Tokyo, qui était autrefois un petit village de pêcheurs appelé Edo, a commencé à se développer en tant que centre politique et culturel au début du XVIIe siècle, lorsque le shogunat Tokugawa a établi sa capitale dans la ville. C’est à cette époque que les jardins ont commencé à être aménagés en tant que symboles de pouvoir et de beauté.

Tokyo. Vue sur le parc de Shinjuku Gyoen. © Jérémie Josten.
Tokyo. Vue sur le parc de Shinjuku Gyoen. © Jérémie Josten.


La conception du jardin japonais puise ses racines dans le shintoïsme et le bouddhisme : le jardin doit être une représentation du paradis sur terre et permettre à l’Homme de se relier à la nature. La beauté réelle apparaît dans l’asymétrie, l’imperfection, la simplicité et l’éphémère. Et dérive du concept de wabisabi, si cher aux maîtres de thé. L’équilibre entre les éléments est essentiel, créant une harmonie entre le vide et le plein, le clair et l’obscur.

Tokyo. Jardin de Rikugien. Cette lanterne massive en pierre de lave de Kasuga est sensée éclairer notre chemin.
Tokyo. Jardin de Rikugien. Cette lanterne massive en pierre de lave de Kasuga est sensée éclairer notre chemin.

Un jardin japonais ne saurait se concevoir sans la présence de l’eau, de la pierre, de ponts et de lanternes. Parfois de carpes, considérées comme des « fleurs vivantes » illuminant les étangs. Les lacs et les ruisseaux symbolisent la tranquillité et la continuité. Les rochers et collines représentent des montagnes et des paysages naturels, créant des points de vue variés. Les plantes sont soigneusement choisies et orchestrées pour refléter la beauté de chaque saison. Tandis que les chemins sinueux guident le visiteur à travers le jardin, favorisant une expérience contemplative.

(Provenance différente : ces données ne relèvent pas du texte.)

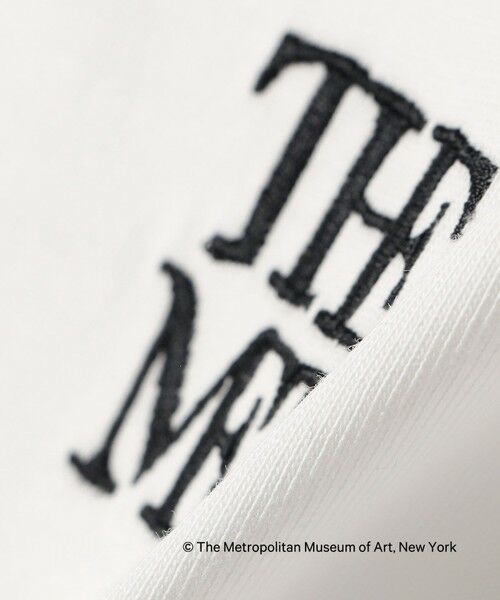 SHIPS / シップス Tシャツ | SHIPS Colors:THE MET コラボ エンブロイダリー ロゴ Tシャツ | 詳細3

Tokyo. Jardin de Koshikawa Korakuen. On connaît l'amour des Japonnais pour les pierres et les rochers bruts qui les agrémentent et renvoient au shintoïsme.
Tokyo. Jardin de Koshikawa Korakuen. On connaît l’amour des Japonais pour les pierres et les rochers bruts qui les agrémentent et renvoient au shintoïsme.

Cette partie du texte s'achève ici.